I should show these to Denny... so he can know what to look up to


----------



## Trissacar (Apr 19, 2009)

JustDressageIt said:


> I should show these to Denny... so he can know what to look up to


Whos Denny?


----------



## ohmyitschelle (Aug 23, 2008)

Denny's JDI's horse. 
Your horse is absolutely gorgeous... I just love it's face!!!
x


----------



## JustDressageIt (Oct 4, 2007)

Trissacar said:


> Whos Denny?


Denny is my OTTB


----------



## Sara (Jul 6, 2007)

She's beautiful! Very nice mare.


----------



## Jubilee Rose (May 28, 2008)

Wow, she is sooo gorgeous! And what nice conformation too!


----------



## twogeldings (Aug 11, 2008)

-want- >.>


Thats all I have to say xD


----------



## Jane Honda (Feb 27, 2009)

Eye. Want. Two. 



Gorgeous!


----------



## LauraB (Nov 11, 2008)

Your horse is awesome!


----------



## close2prfct (Mar 9, 2009)

Jane Honda said:


> Eye. Want. Two.
> 
> 
> 
> Gorgeous!


Ditto..That is one gorgeous horse!


----------



## Trissacar (Apr 19, 2009)

Jubilee Rose said:


> Wow, she is sooo gorgeous! And what nice conformation too!

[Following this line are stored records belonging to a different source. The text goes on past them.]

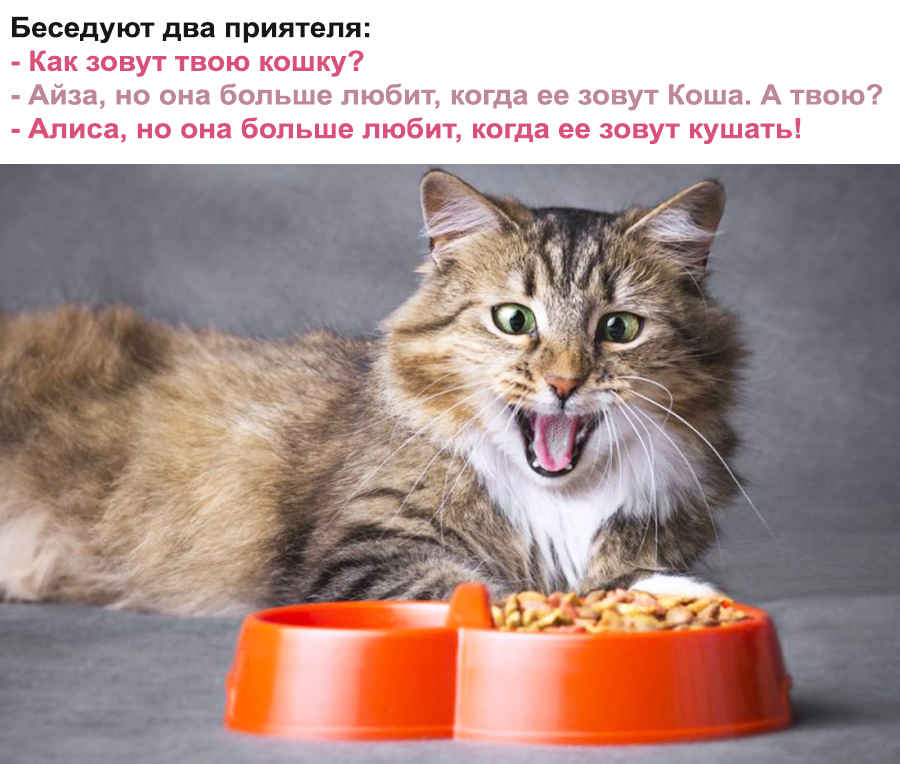 Почему кошки закапывают еду, миску - что это значит
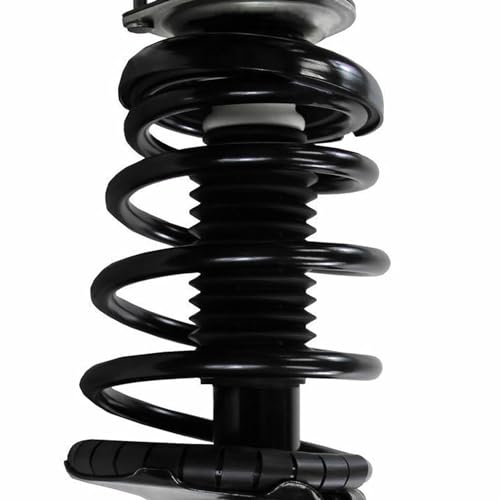 Detroit Axle - AWD Front Struts for 2002 2003 2004 Nissan Pathfinder Complete Struts with Coil Spring Assembly Replacement - size: 171441_171442/PAIR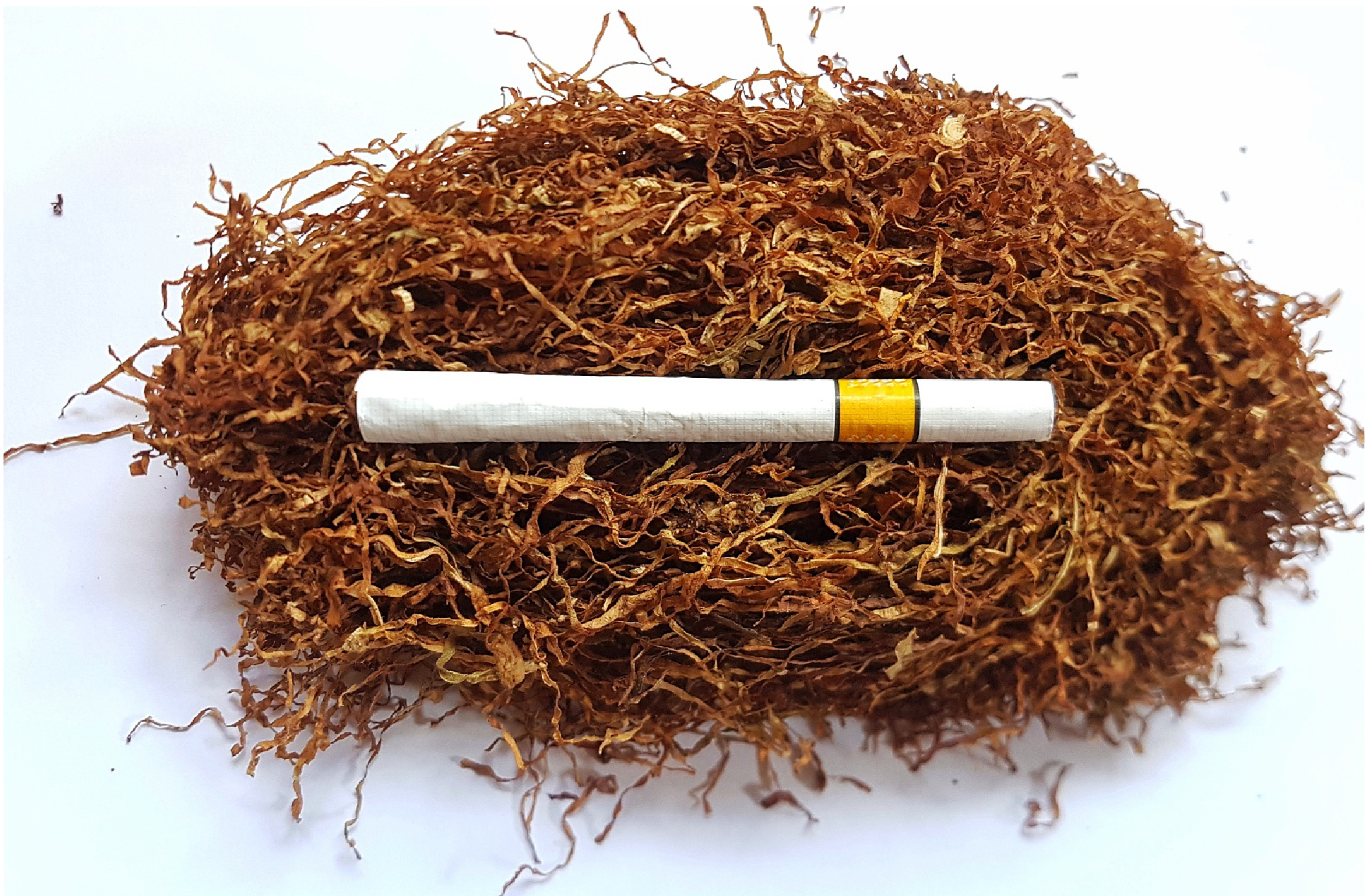 格瑞德曼烟草制品的粉碎研磨仪-01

I know she has like the best comformation.


----------



## hotreddun (Jun 27, 2008)

cute cute! The picture with the head shot with the red ribbon it looks like she is saying, "enough with the pictures lady...lets go get some oats"


----------



## Lori1983 (Jan 9, 2009)

Wow. I absolutely love black thoroughbreds since I saw Sunday Silence race as a kid. (I grew up a few minutes from Churchill Downs). In love!


----------



## Trissacar (Apr 19, 2009)

hotreddun said:


> cute cute! The picture with the head shot with the red ribbon it looks like she is saying, "enough with the pictures lady...lets go get some oats"


She was POed!


----------



## SallyJane (Feb 9, 2009)

She is absolutely gorgeous!!!


----------



## RedHawk (Jun 16, 2008)

She's beautiful!!!


----------